Hey, remember when Chicago had a president from here? Barack Obama had the first meeting of the Obama Leadership Foundation last weekend, at the McCormack Place Marriott, and Deanna Isaacs at the Reader brings back the golden days of Obama admiration: “The very cool, really dope, first-ever Obama Foundation Summit, held at the glassy new McCormick Place Marriott earlier this week, made one thing clear: the foundation has picked a worthy mission for itself. It’ll nurture the next generation of world leaders.” Politico had a somewhat more jaundiced take on it here.
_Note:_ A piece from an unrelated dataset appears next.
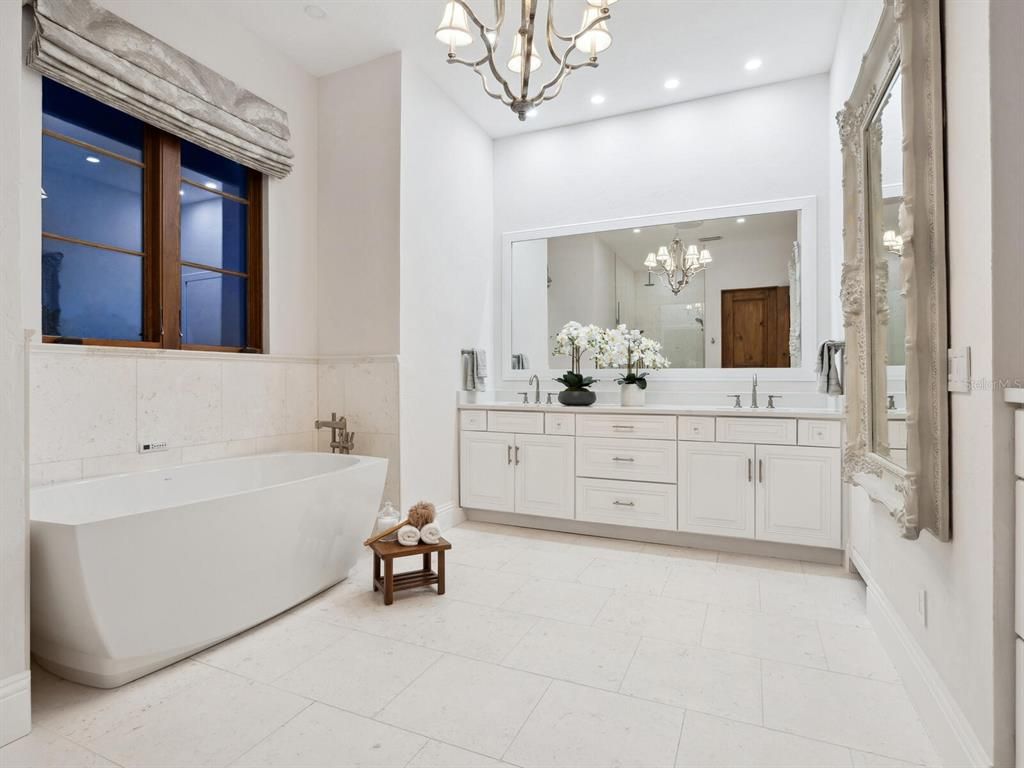 Bathroom, Chandelier, Dual Sink Vanities, Free Standing Baths, Interior, Recessed Lighting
The Feed talks to Leela Punyaratabandhu, Chicago and Bangkok-based blogger at She Simmers, who is actually in Thailand right now, it being November. Anyway, they talk about her new book Bangkok, and about where to go pretty authentic Thai food in Chicago and other places.


Janet Rausa Fuller talks to the man making the doughnuts at the beloved South Side doughnut shop Old-Fashioned Doughnuts: Mr. B, Buritt Bulloch. (Chicago)


I hate listicles, except when they’re like David Hammond’s at New City, about ten restaurants you probably haven’t been to, and why they matter. For the record, I’ve been to nine, still haven’t been to Garifuna Flava. See what your score is.


Went to Cellar Door Provisions for their weekend tasting menu, which is admirably modest—$45 per got us six courses, all vegetarian (there’s a meat course, a cotechino plate, available as an add-on), all fresh and lovely, really. Though it’s not surprising that the high point was right at the beginning—the platter with a couple of slices of their crusty bread and various things to schmear on it. Still, all of it was fresh and good, it wasn’t too expensive and it didn’t take forever—I recommend it for a nice night out.